I’ve been thinking for months about Marina’s conversation with my students about her design principle of boredom with Mesocosm and the ethical and political aims of that affective / aesthetic dimension of the very long durational piece. The other presentations have drawn into relief how much the “high production value” paradigm of Hollywood inflects the public media and narrative projects that LENS has contributed to over the past three years. I hadn’t been conscious before of how the production of “binge-worthy” stories in our regional culture might be shaping public humanities and arts endeavors at UCLA. The Making the Best of It Project with Marina, conversely, creates a deliberately low-key, everyday space of snack-eating as a means to form a provisional community in which stories of climate vulnerability, adaptation, and change might surface through the sensory experience of eating (jellyfish jerky in this case!) together.

Allison, Thanks so much for sharing this work. I love Zurkow’s Wink project–and hope to spend much time thinking of/with it, because of you. On another note, I was excited by your delineation of “livability,” as opposed to “sustainability.” I’d love to hear you elaborate on the genealogy of that term, where you find and wish to take it.

So fascinating, Allison! I also appreciated your use of the word, livability.

As a UCLA School of Theater/Film/TV alum, I’m excited to hear that you are reflecting on Marina’s take on the aesthetics of duration and what that means in relationship to Hollywood ! I, too, believe in the power of sitting in something for longer than what is comfortable. The challenge is always — how to encourage someone to stay for longer than what’s comfortable? Especially if it is 2-dimensional work on the screen. I’d love to discuss this more…
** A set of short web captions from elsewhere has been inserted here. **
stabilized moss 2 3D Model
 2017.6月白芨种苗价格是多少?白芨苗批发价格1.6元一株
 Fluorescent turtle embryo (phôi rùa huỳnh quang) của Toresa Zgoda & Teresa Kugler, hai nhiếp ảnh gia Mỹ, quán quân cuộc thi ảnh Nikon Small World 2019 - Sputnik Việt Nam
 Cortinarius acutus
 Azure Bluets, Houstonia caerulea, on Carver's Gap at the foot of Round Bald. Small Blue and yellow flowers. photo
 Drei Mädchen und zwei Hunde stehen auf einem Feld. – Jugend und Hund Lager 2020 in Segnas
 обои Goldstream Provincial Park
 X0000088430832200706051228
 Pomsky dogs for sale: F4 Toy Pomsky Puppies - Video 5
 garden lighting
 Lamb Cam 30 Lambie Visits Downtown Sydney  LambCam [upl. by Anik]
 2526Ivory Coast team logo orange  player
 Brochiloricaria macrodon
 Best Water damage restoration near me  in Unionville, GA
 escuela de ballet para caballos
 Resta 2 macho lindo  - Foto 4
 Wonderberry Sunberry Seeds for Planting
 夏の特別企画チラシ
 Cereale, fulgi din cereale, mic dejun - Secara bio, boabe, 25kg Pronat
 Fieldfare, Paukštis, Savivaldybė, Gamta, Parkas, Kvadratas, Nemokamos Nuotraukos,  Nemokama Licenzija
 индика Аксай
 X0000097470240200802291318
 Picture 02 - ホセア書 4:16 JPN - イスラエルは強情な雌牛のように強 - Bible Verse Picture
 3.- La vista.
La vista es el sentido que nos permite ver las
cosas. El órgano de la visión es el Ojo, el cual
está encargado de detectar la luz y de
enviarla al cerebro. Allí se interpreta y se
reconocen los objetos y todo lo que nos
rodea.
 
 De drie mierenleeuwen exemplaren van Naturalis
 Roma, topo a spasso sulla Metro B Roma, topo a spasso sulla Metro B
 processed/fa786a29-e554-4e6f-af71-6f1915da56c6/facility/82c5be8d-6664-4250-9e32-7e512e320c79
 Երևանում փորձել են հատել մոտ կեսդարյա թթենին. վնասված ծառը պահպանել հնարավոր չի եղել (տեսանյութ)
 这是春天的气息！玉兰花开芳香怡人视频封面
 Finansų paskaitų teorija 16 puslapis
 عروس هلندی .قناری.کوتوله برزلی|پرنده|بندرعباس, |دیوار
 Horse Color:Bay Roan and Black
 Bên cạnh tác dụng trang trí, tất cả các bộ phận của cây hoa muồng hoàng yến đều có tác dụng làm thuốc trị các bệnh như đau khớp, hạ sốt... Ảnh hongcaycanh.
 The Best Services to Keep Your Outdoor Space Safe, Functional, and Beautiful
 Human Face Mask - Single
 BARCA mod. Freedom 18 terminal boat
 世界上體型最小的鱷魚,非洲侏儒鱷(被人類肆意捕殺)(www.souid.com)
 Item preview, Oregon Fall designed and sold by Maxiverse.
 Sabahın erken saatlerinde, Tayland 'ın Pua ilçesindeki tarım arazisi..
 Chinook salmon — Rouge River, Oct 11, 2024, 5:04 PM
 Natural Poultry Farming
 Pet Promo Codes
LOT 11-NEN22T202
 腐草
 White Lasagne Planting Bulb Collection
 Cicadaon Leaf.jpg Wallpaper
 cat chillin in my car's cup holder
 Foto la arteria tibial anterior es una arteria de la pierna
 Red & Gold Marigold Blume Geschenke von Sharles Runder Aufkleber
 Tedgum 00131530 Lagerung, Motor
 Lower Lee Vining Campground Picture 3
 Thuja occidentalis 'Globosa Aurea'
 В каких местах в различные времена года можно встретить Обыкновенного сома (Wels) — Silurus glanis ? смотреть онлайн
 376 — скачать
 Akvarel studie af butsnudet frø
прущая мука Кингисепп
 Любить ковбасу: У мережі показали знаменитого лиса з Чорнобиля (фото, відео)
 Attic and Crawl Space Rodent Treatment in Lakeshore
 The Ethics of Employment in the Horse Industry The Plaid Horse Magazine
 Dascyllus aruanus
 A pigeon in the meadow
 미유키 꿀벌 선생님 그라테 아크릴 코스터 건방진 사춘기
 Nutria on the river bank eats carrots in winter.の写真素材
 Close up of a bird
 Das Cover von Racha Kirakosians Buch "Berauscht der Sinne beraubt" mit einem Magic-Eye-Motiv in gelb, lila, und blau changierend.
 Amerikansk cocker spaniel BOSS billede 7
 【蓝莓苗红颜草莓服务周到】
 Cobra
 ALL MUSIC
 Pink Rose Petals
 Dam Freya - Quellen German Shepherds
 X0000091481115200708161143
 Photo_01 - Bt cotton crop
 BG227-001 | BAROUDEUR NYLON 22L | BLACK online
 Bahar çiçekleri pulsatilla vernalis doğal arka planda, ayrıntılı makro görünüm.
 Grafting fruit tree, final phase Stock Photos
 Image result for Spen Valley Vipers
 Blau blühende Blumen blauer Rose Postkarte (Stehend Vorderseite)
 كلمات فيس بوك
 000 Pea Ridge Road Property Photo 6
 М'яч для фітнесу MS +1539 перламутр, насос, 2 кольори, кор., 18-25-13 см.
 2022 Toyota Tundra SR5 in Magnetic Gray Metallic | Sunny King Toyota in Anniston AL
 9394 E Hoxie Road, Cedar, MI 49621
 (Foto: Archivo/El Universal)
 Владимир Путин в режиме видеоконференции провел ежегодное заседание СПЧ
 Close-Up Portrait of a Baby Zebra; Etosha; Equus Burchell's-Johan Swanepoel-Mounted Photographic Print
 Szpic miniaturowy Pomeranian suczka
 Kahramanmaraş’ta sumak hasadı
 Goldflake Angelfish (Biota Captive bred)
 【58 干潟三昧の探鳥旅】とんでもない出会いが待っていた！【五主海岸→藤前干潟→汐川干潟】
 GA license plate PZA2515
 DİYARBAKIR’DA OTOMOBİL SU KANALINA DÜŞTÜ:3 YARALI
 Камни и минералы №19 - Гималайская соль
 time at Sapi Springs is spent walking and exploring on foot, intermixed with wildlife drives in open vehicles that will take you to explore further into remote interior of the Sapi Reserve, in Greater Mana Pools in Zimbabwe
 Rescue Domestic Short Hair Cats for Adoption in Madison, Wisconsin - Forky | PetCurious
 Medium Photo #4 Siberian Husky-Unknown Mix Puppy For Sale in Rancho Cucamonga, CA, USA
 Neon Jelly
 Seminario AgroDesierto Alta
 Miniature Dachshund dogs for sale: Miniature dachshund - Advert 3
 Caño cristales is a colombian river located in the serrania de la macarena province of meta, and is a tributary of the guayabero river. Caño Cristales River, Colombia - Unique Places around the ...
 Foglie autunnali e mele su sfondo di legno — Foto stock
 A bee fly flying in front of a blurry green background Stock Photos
It also seems related to what’s happening now with COVID-19 – we’re likely going to have to sit in this for longer than what is comfortable and this could create an opportunity for people who otherwise wouldn’t pay attention to just be.

Allison, Thanks for bringing Zurkow’s work to my attention. One thing I noticed about her work is the absence of the sounds of sandhill cranes and hot air balloons, to choose two examples with distinctive soundscapes. Since she wanted to make this a sensory experience (albeit while also cultivating boredom, which I take to be a nod to the commonplace), I’m curious about that decision. Can you offer any insight into these types of decisions?

I’m glad you raised this question about the soundscape of the piece, Marsha. I will now want to ask Marina more about the decisions she made as to which sounds to include through realistic recordings, which to approximate through computer generated sound, and which to leave out. My sense is the piece by design creates a disjuncture between the visual landscape (comprised of the sinkhole, migrating birds and pollinators, different transportation technologies, native and introduced plants, coyotes, and a range of objects and materials produced by petrochemicals) and the spare, tinny/metallic aural experience.

Stephanie and Sarah, I’m glad to know my use of livable and livability seemed apt. It’s the word I’ve just recently found myself gravitating toward writing about a range of environmental arts and narrative projects that variously move from searching /searing recognition of ecological and climate crises to provisional expressions of what might come after rather than “more of the same,” as I wrote about _Borne_ I think. I’m realizing, too, that my use of livability tries to counter how sustainability, its problematic meanings in a World Bank-aligned development paradigm notwithstanding, is an increasingly everywhere-and-nowhere-in-particular framework ill-fitted to handle global warming imaginatively or politically and also ill-fitted to the profoundly unequal causes and consequences of climate change. (Being a faculty member in an Institute of the Environment and Sustainability—a name without imaginative and political bite—probably also in the mix of leading me to livability.)